Environmentalists who oppose fertilizing the ocean on a large scale say it could upset the oceans’ ecosystem, could have unforeseen consequences, and isn’t “natural.”
Global Warming or El Nina?
In Scotland, the Daily Record and Sunday Mail Ltd (February 25) say “scientists believe” there may be a link between the avalanches this winter and global warming. Douglas Yule, cited as an “expert” with an organization called Impact Weather, says: “What we have got is La Niña leading to bad winters in Europe, and there is probably a connection to global warming but it has not been established.”
In the Northwestern United States, readers are getting a somewhat different perspective.
In a region also experiencing heavy rain, snow, and avalanches, Mark Moore, director of the National Weather Service’s Northwest Weather Avalanche Center, told the Associated Press that there are a number of theories as to why the Northwest has been socked this winter: La Niña, global warming, a return to the wetter and colder winters the region experienced in the 1950s through mid-1970s, or “it could be just a random event.”
Both The Times and The Independent reported in late February that researchers at the University of Munich, Germany, claim Autumn is arriving five days later and Spring six days earlier than it did 30 years ago. Annette Menzel of the University of Munich’s Department of Forest Science said, “ten days may not sound like much, but it represents a significant extension of a growing season [to] about 150 days.”

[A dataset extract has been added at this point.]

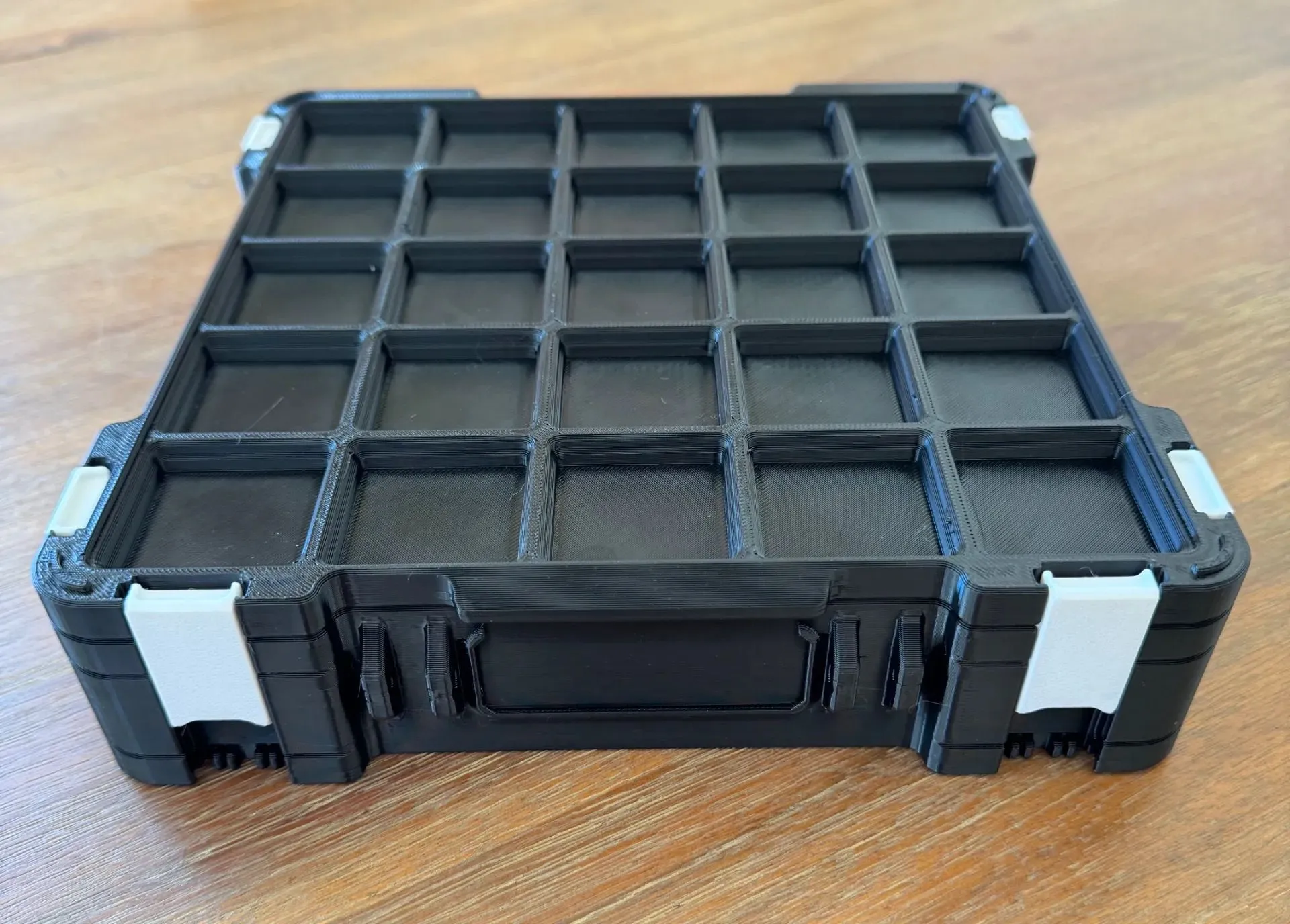 Hộp lưu trữ Gridfinity in 3D bằng PETG chịu nhiệt tốt hơn PLA trong gara nóng bức.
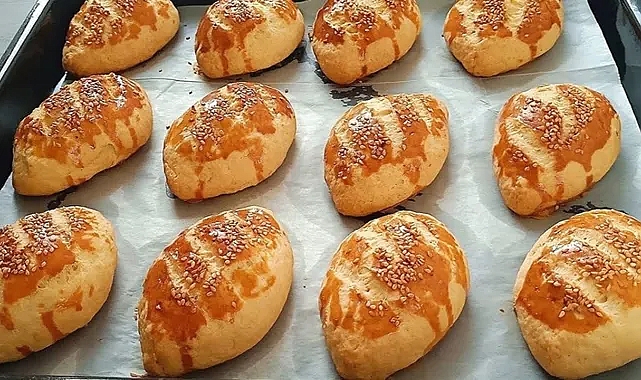 Çay demlenene kadar hazır: Herkesin yapabileceği süper Kolay Poğaça tarifi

The claim is suspect on several grounds, not the least of which is Europe’s especially brutal winter this year. The period being used for comparison to today’s weather is a period of climate cooling thought at the time to herald another Ice Age. The researchers also conceded that a longer growing season could cause plants to absorb more greenhouse gases from the atmosphere. Nevertheless, the researchers say their findings lend “powerful support” to global warming theory.
Global Warming Hysteria in Great Britain
According to a survey released last week by MORI, a UK financial services company, nearly half of Britons surveyed say they are more afraid of global warming and pollution than they are of higher taxes, war, divorce, having enough money for retirement, going bald, losing their virility, or having the UK swallowed up by the European Union.
Farmers Lobbied to Join Global Warming Bandwagon
The Clinton-Gore Administration used the two-day 1999 National Forum for Agriculture at Iowa State University, held in late February, to rally support for the Kyoto Protocol in the farm community.
According to a March 1 Associated Press story, John Ruether of the DOE’s Federal Energy Technology Center told conferees that “as world energy use took off in the 1940s, the level of carbon dioxide in the atmosphere began to rise and temperatures climbed.”
Ruether’s statement is factually incorrect. Most of the 0.6 degree C rise in temperatures came before 1940. From 1940 to 1975, while CO2 was rising, temperatures dropped.
Michael MacCracken of the U.S. Global Change Research Program tried to sound reasonable: cut back on fossil fuels too fast and we risk our economic well-being and standard of living; cut back too slowly and we risk our environmental well-being. “We’re really faced with a dilemma,” he said.
Where the Administration sees a dilemma, farm and commodity groups, including the Farm Bureau and National Grange, see a pending disaster. Their economic analyses indicate that the Kyoto Protocol would cut U.S. farm income by 50 percent while raising farm production costs by $16 billion.
Iowa State University Provost Stanley Johnson, quoted in the Des Moines Register, said the two-day conference was designed “to help agriculture stop taking a defiant position and to look on the issue as an opportunity,” a theme Vice President Gore stressed in a speech to farm magazine editors back in December. Agriculture, said Johnson, stands to gain assistance from the government and make money by selling “credits” to polluting industries. “The train is starting to leave the station on this issue,” he said. “Agriculture should be on it.”